Every pastor has experienced it at least once. The bad business meeting. Church members gone wild. What should be a family gathering to discuss and discern the will of God for his people becomes a battlefield. Or a playground full of bullies and selfish children vying to get their way. Bad business meetings are not uncommon.

Ungodly Business Meetings

Some business meetings can be horrible displays of ungodly behavior. I consulted with one church that had one of those meetings nearly three decades ago. They still remember it as “the big fight in the sanctuary.” In another church an angry mob broke out when a group did not get their way. The sanctuary was filled with shouts and shoves and fingers pointed in the faces of opponents. It resembled the Jerry Springer Show more than a gathering of God’s people.

One of my “favorite” ungodly business meetings involved a sharply divided church voting to reconsider a previous decision. The original recommendation came unanimously from the deacon body. The church took time to talk about the recommendation and to pray over it. It passed unanimously. But when it came time to implement the decision some church members rebelled. They marshaled their forces and showed up at the next meeting determined to reverse the previous decision. In the course of the discussion one man arrogantly and angrily proclaimed, “We’ve got our people here. Let’s vote!” Turns out he didn’t have as many of his people there as he thought.

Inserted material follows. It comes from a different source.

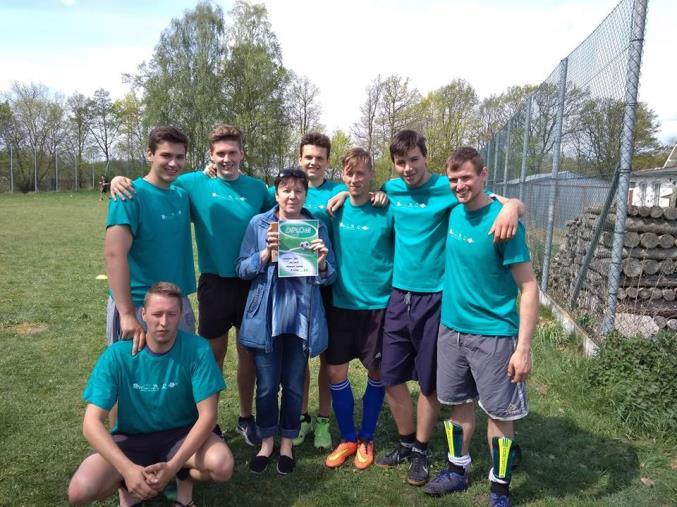 Sportovní den Sportovní den v SOU Blatná proběhl 24. 4. 2018. Žáci jednotlivých tříd vytvořili soutěžní družstva, která závodila v několika disciplínách. Hlavní soutěží je přebor tříd ve fotbale.
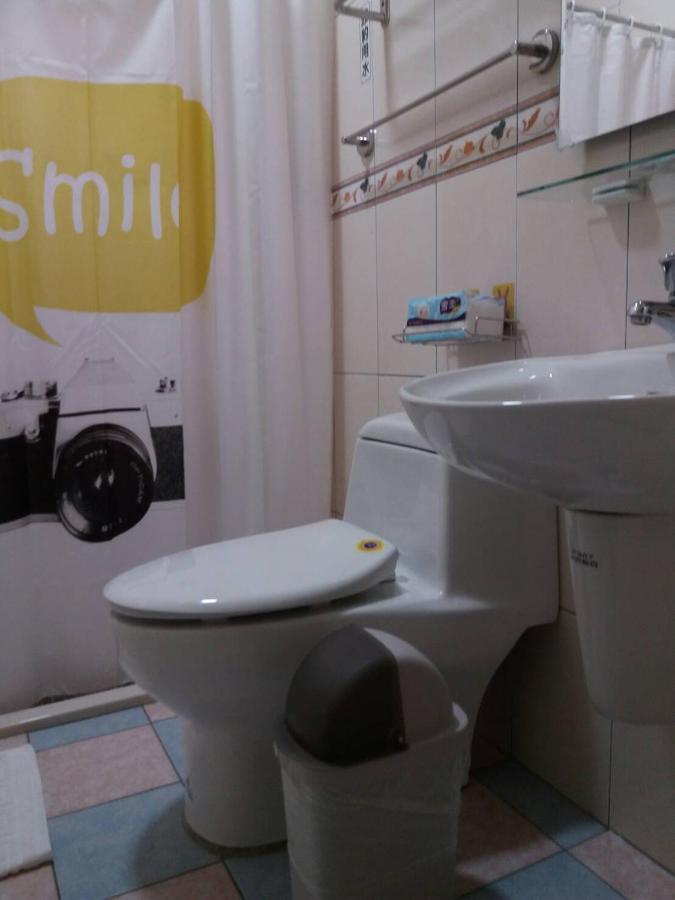 Jin XI Fu B&B Jinning Exteriör bild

It’s no wonder that 70% to 90% of our churches need some level of revitalization. And 3,000 to 4,000 churches across North America close their doors every year. Ungodly business meetings are a significant sign of an unhealthy church.

Crazy Business Meetings

Business meetings should be for the purpose of discussing and discerning God’s will. Some are ungodly. Some are just bad. And a few are crazy, as in hilarious. One of my favorite Twitter accounts (@Rev_Norespect) recently posted this: “The craziest thing we ever voted on at church was…”  Many of the responses were hilarious. Here are a few of my favorites.

  1. How much for a Coke? – The church passed a record budget with virtually no discussion. Then spent 25 minutes discussing raising the price of drinks in the vending machine by a nickel. At least they had their priorities in order.
  2. Paper or China? – This was a vote about the dinnerware used for bereavement meals. It seems that some families were served on paper while others were served on china. Kind of a modern-day Acts 6 dilemma. Maybe they should have just selected seven men from among them…
  3. No Methodists Allowed! – The Baptist church voted to put up a sign in their parking lot that read, “Baptist Parking Only.” It seems the Methodists across the street were using the Baptist parking lots. I guess the cars were only sprinkled when they went through the car wash.
  4. Goldfish or Moonpies? – This was a churchwide vote on which to serve for VBS snacks. Are you kidding me? A church that serves Moonpies will absolutely crush the VBS competition for highest attendance. You can get Goldfish anywhere. Why would you even vote on this?
  5. Fanning the Flame – This church spent 45 minutes discussing where to hang a ceiling fan to keep the pastor cool while he was preaching. I don’t think this is what Paul meant when he instructed Timothy to fan God’s gift into flame.
  6. Cover those Legs! – The church had a long and contentious meeting over whether they would allow the man cutting the two-plus-acre church lawn with a push mower to wear shorts. And in south Texas no less! Maybe they should’ve just hired Forest Gump. He would cut that grass for free.
  7. Shorter Sermons – This church voted on whether or not the pastor could preach past the traditional ending time of the service. Gotta beat those Methodists to the buffet! (And keep them out of the parking lot).
  8. Stay In Bounds – Churches with cemeteries often face unique situations. This church had to vote on whether someone could be buried outside of the cemetery fence. The pastor voted no because that put the burial site too close to the pastorium!
  9. New Musical Instrument – There is a long standing legend that a certain church had a protracted argument over purchasing chandeliers for the sanctuary. The chief argument against was that no one at the church knew how to play them.
  10. Should We Pay the Bills? – I know of a church that voted every month to pay the bills and approve the monthly financial report. Voting to pay the bills seemed irrelevant since they had already been paid. But I guess they could stop payment if the vote was “no.” I just hope the pastor cashed his check before the business meeting each month.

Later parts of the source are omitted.